Undersample timeseries data
This transform reduces the data collected over time and retains the general pattern of the data by allowing users to aggregate values based on the frequency, which can be by hour, week, month, or year. One of the aggregation methods, such as mean, max, min, or median, is applied to the numerical value column of the grouped data.
Parameters
This table provides a brief description about each parameter in Undersample timeseries data transform.
- Name:
By default, the transform name is populated. You can also add a custom name for the transform.
- Input dataset:
The file name of the input dataset on which this transform must be applied. You can select the dataset that was uploaded from the drop-down list.
- Group by:
The column based on which the time series data is grouped.
- Timestamp:
The name of the timestamp column in the dataset. The name should be as is in the dataset.
- Frequency:
The frequency at which the time series data is undersampled. Possible values:
B - business day frequency
C - custom business day frequency
D - calendar day frequency
W - weekly frequency
M - month end frequency
SM - semi-month end frequency (15th and end of month)

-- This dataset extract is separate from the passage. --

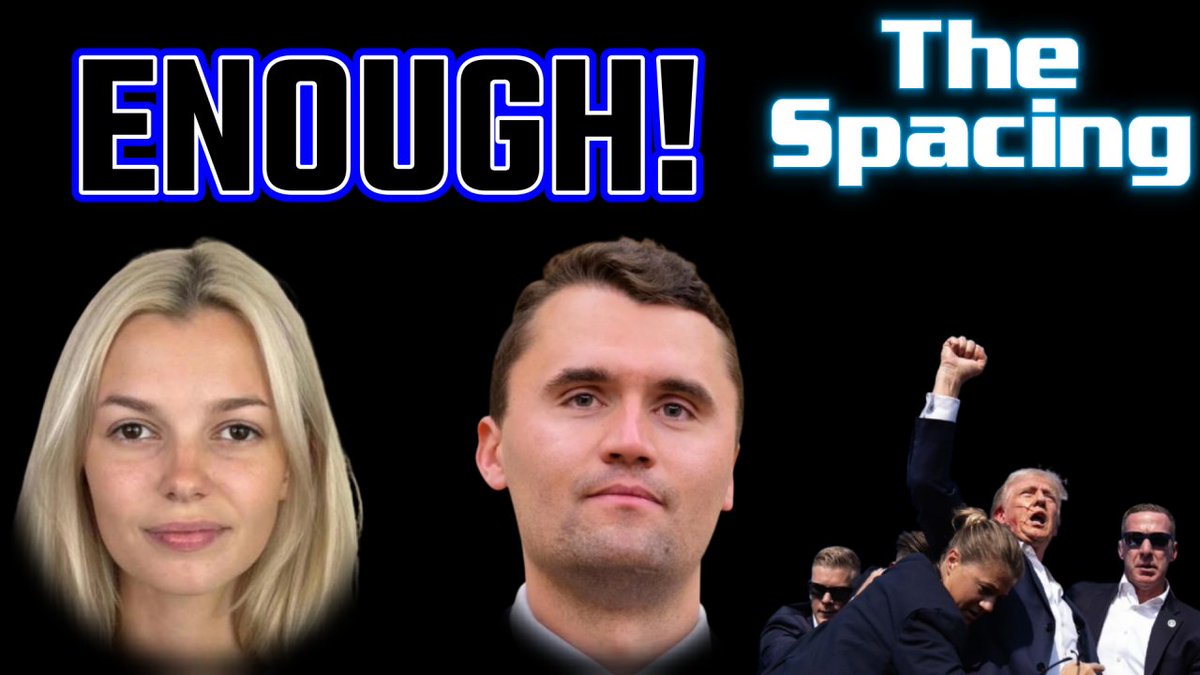 Let's go tonight! We're tired of it all.

Sheel of Fortune and Who Wants To Be a Shillionaire!

youtube.com/live/PMVxmTD-1…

BM - business month end frequency
CBM - custom business month end frequency
MS - month start frequency
SMS - semi-month start frequency (1st and 15th)
BMS - business month start frequency
CBMS - custom business month start frequency
Q - quarter end frequency
BQ - business quarter end frequency
QS - quarter start frequency
BQS - business quarter start frequency
Y - year end frequency
BY - business year end frequency
YS - year start frequency
BYS - business year start frequency
BH - business hour frequency
H - hourly frequency
min - minutely frequency
S - secondly frequency
ms - milliseconds
us - microseconds
N - nanoseconds
- Resample Type:
The method used to calculate the aggregate value for the selected frequency. Possible values:
Mean
Median
Max
Min
- Ouput dataset:
The file name with which the dataset is created. This file has the aggregate values for the selected frequency.
The sample input for this transform looks as shown in the screenshot:
The output after running the Undersample timeseries data transform on the dataset appears as below.
How to use it in Notebook
The following is the code snippet you must use in the Jupyter Notebook editor to run the Undersample timeseries data transform:
sensor_cleaned_recipe_predict = project.addRecipe([fill_null_predict_dataset], name='sensor_cleaned_recipe_predict')
undersample_timeseries = Transform()
undersample_timeseries.templateId = undersample_timeseries_template.id
undersample_timeseries.name='undersample_timeseries'
undersample_timeseries.variables = {
'inputDataset': "fill_null_output_predict",
'Col_to_undersample_by':'Turbine_ID',
'Timestamp':"Timestamp",
'Frequency': "D",
'Resample_type': "MEAN",
'outputDataset':'sensor_cleaned_predict'
}
sensor_cleaned_recipe_predict.add_transform(undersample_timeseries)
sensor_cleaned_recipe_predict.run()